Caption-style text data
----

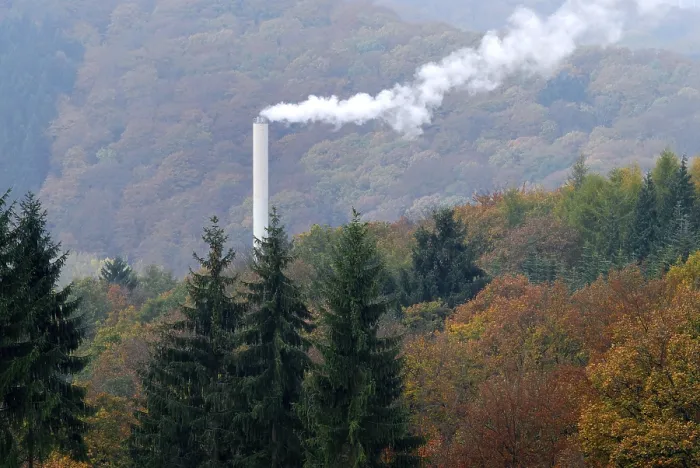 Framed Print : Smoke coming from a smokestack in the middle of a forest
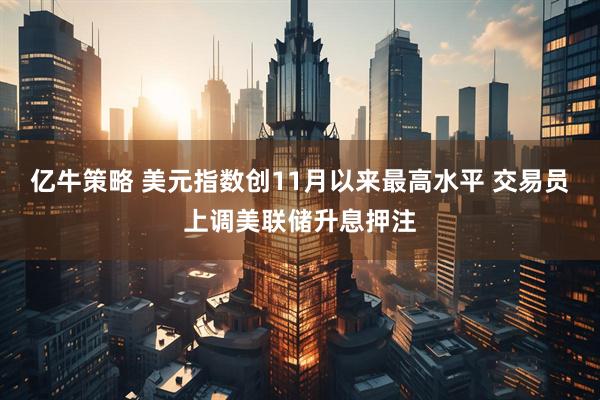 亿牛策略 美元指数创11月以来最高水平 交易员上调美联储升息押注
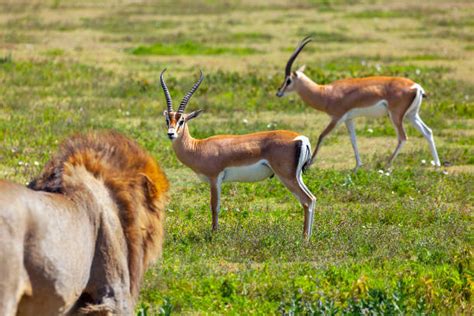 Lion Hunting Gazelle Stock Photos, Pictures & Royalty-Free Images - iStock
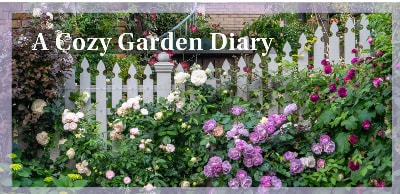 COZY GARDENブログ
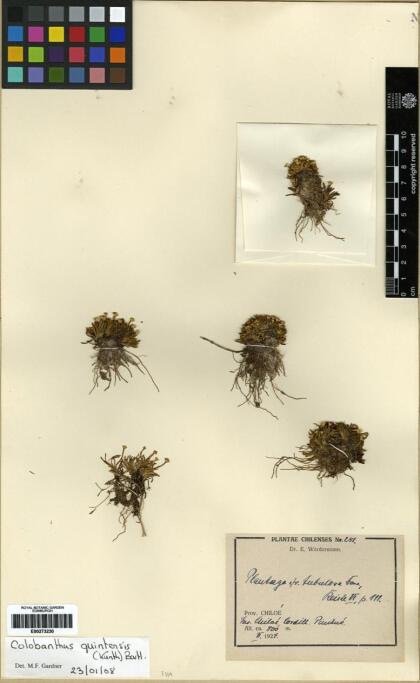 Colobanthus quitensis [Espécimen: ]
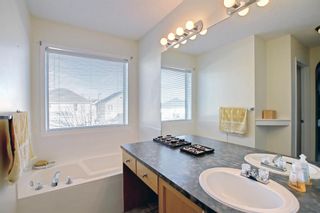 Photo 29: 25 Martha's Meadow Place NE in Calgary: Martindale Detached for sale : MLS®# A1259180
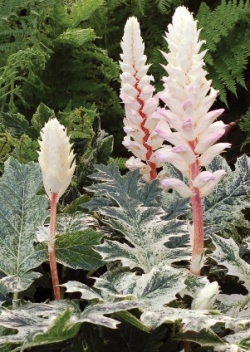 Whitewater Variegated Bear's Breeches, Grecian Pattern Plant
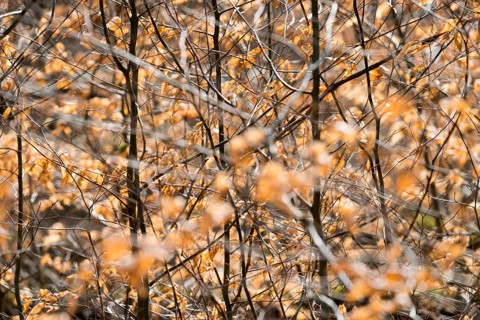 Details, Primeval forest Urwald Sababurg, Hofgeismar, Weser Uplands, Weserbergland, Hesse, Germany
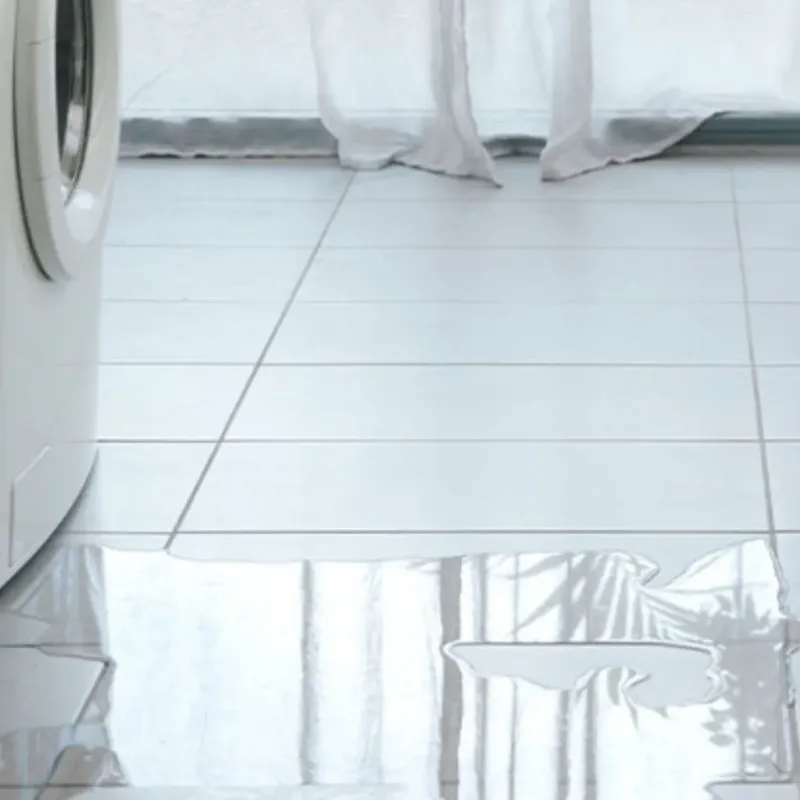Appliance Leak Cleanup in Tangent, OR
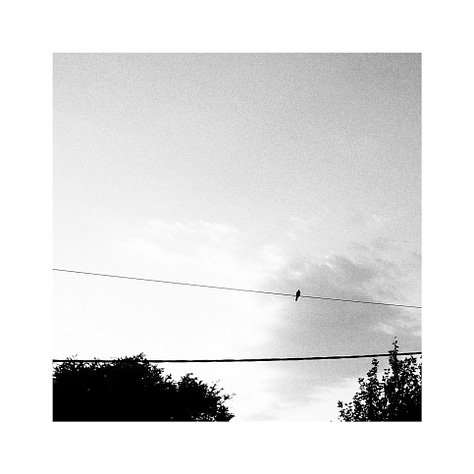 A gallery with some black and white photos.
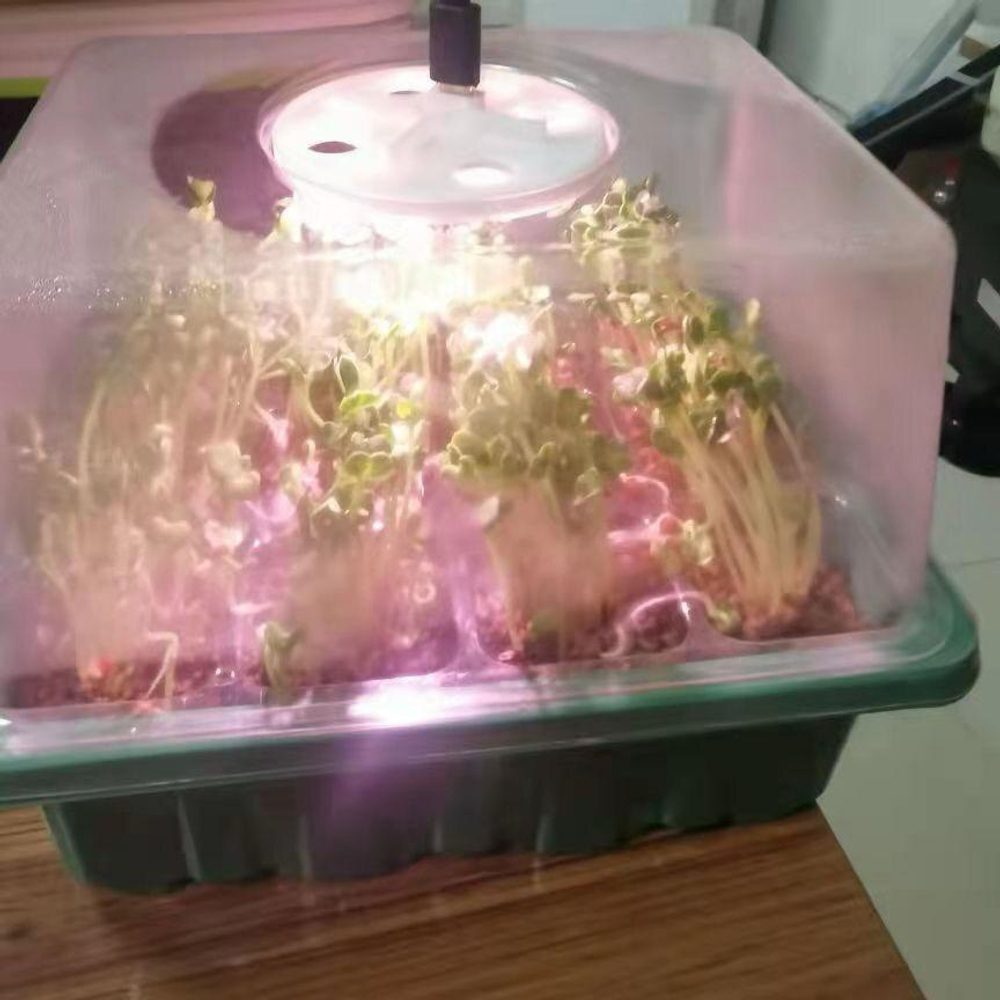 Стартовый лоток для семян 12 ячеек PET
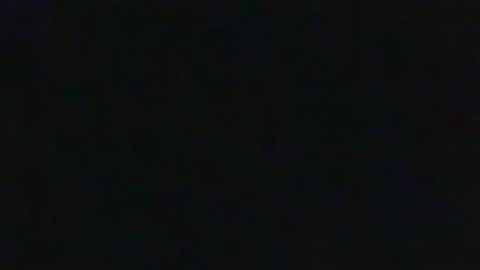 whitehead_lion online show from September 17, 5:25 pm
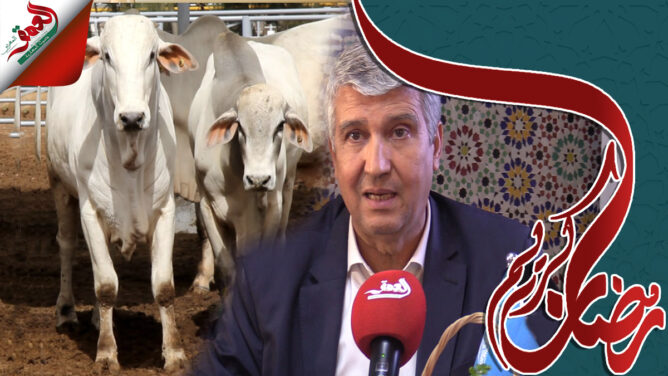 وزير الفلاحة: الأبقار البرازيلية من الافضل في العالم وهذه تفاصيل استيرادها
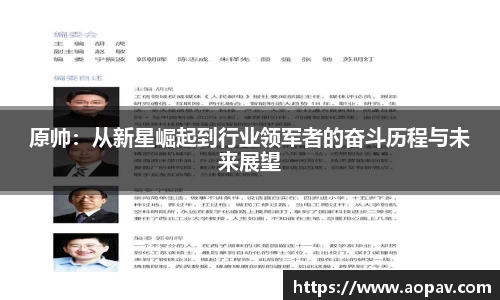 原帅：从新星崛起到行业领军者的奋斗历程与未来展望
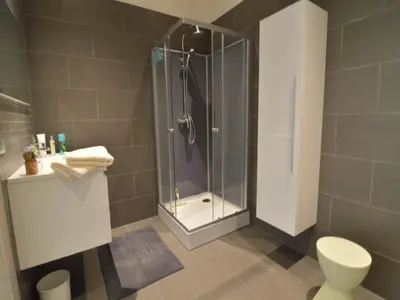 a bathroom with a shower and a toilet at Holiday home in Zottegem in Zottegem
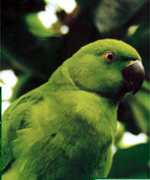 Echo Parakeet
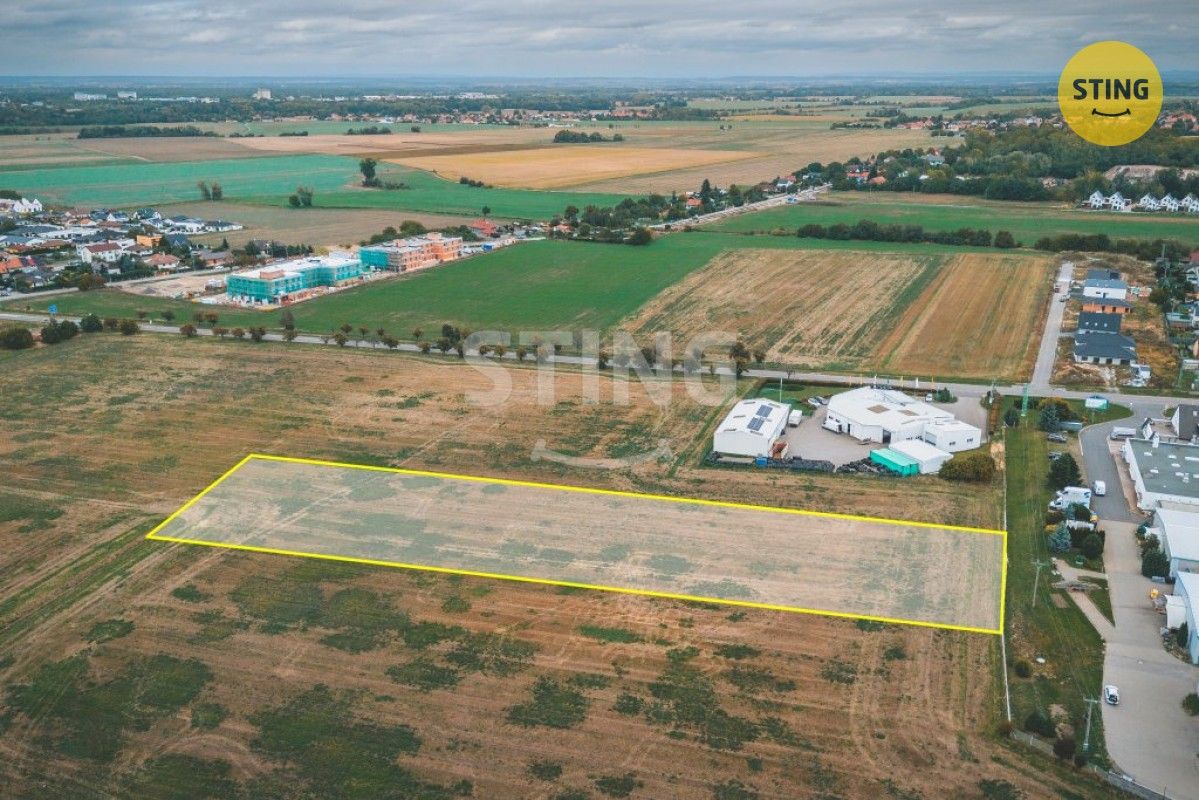 Prodej komerční pozemek - Mikulovice Blato, 6 059 m² - 2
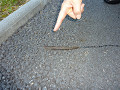 p1010630_thumb.jpg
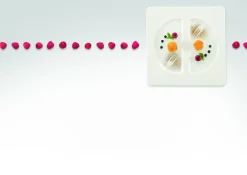 RAK Assiette plate carré ivoire porcelaine vitrifiée 20,8x20,8 cm Allspice Outlet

----

> _What you will do_
An exact transcription of the data above is needed, without the pictures.

> _Finished exercise_
 Framed Print : Smoke coming from a smokestack in the middle of a forest
 亿牛策略 美元指数创11月以来最高水平 交易员上调美联储升息押注
 Lion Hunting Gazelle Stock Photos, Pictures & Royalty-Free Images - iStock
 COZY GARDENブログ
 Colobanthus quitensis [Espécimen: ]
 Photo 29: 25 Martha's Meadow Place NE in Calgary: Martindale Detached for sale : MLS®# A1259180
 Whitewater Variegated Bear's Breeches, Grecian Pattern Plant
 Details, Primeval forest Urwald Sababurg, Hofgeismar, Weser Uplands, Weserbergland, Hesse, Germany
Appliance Leak Cleanup in Tangent, OR
 A gallery with some black and white photos.
 Стартовый лоток для семян 12 ячеек PET
 whitehead_lion online show from September 17, 5:25 pm
 وزير الفلاحة: الأبقار البرازيلية من الافضل في العالم وهذه تفاصيل استيرادها
 原帅：从新星崛起到行业领军者的奋斗历程与未来展望
 a bathroom with a shower and a toilet at Holiday home in Zottegem in Zottegem
 Echo Parakeet
 Prodej komerční pozemek - Mikulovice Blato, 6 059 m² - 2
 p1010630_thumb.jpg
 RAK Assiette plate carré ivoire porcelaine vitrifiée 20,8x20,8 cm Allspice Outlet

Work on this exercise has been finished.